### [What this task involves]
Extract each line of the material that follows exactly and omit its pictures.

### [Given data]
▼

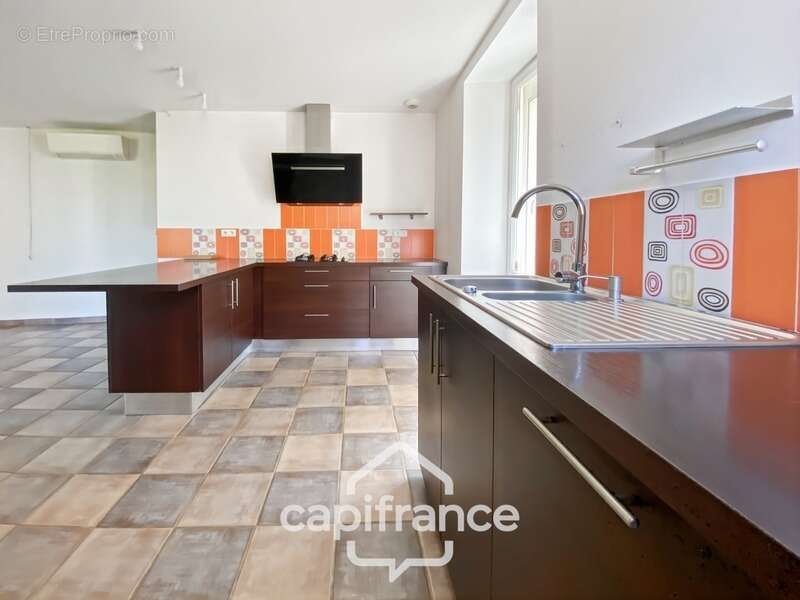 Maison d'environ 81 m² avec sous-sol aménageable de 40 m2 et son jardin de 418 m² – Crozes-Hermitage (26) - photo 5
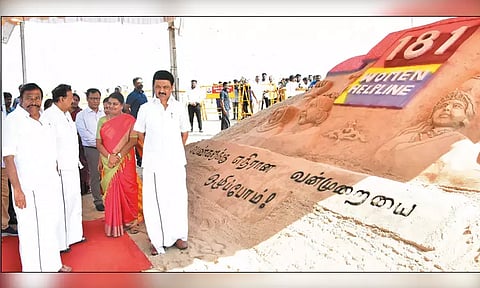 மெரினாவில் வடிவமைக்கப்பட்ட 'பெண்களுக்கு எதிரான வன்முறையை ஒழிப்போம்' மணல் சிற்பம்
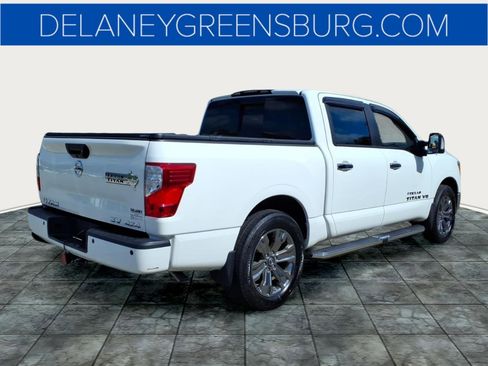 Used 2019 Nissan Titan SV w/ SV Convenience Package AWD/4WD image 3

▲

### [Answer]
 Maison d'environ 81 m² avec sous-sol aménageable de 40 m2 et son jardin de 418 m² – Crozes-Hermitage (26) - photo 5
 மெரினாவில் வடிவமைக்கப்பட்ட 'பெண்களுக்கு எதிரான வன்முறையை ஒழிப்போம்' மணல் சிற்பம்
 Used 2019 Nissan Titan SV w/ SV Convenience Package AWD/4WD image 3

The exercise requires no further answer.